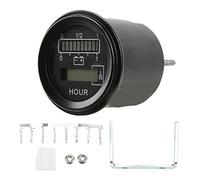 Xtevu Battery Indicator Gauge, LED Charge Meter Nivel Affichage Monitor compatible avec le chariot élévateur électrique 803RB2448BCJ301O, 24V Round Battery Gauge 10 segment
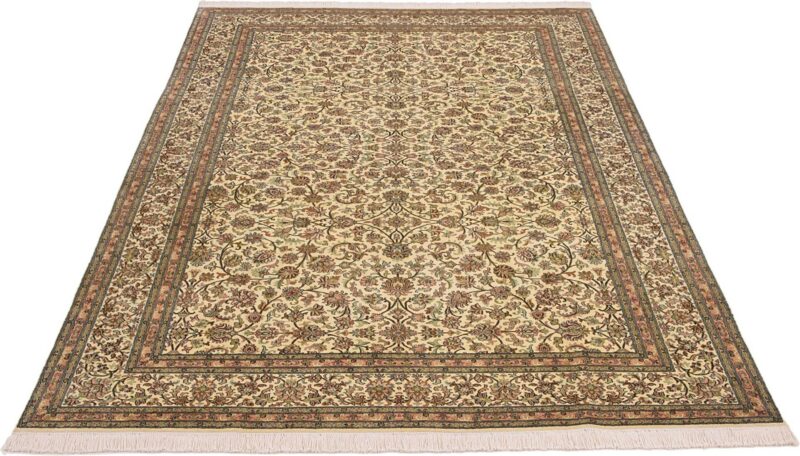 Kashmir Orientteppich 185 × 289 cm, Seide, handgeknüpft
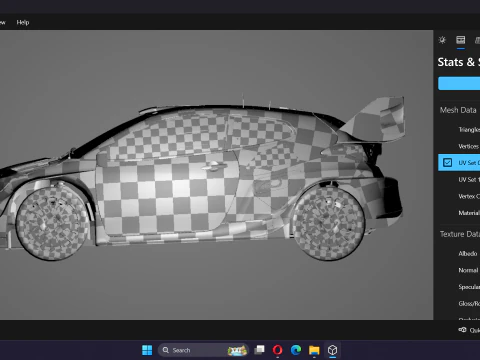 Toyota GR Yaris Rally 1 WRC 2023 3D Model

● Problem statement
Write out the whole listing above exactly; do not include the pictures.

● Answer for this exercise
 Xtevu Battery Indicator Gauge, LED Charge Meter Nivel Affichage Monitor compatible avec le chariot élévateur électrique 803RB2448BCJ301O, 24V Round Battery Gauge 10 segment
 Kashmir Orientteppich 185 × 289 cm, Seide, handgeknüpft
 Toyota GR Yaris Rally 1 WRC 2023 3D Model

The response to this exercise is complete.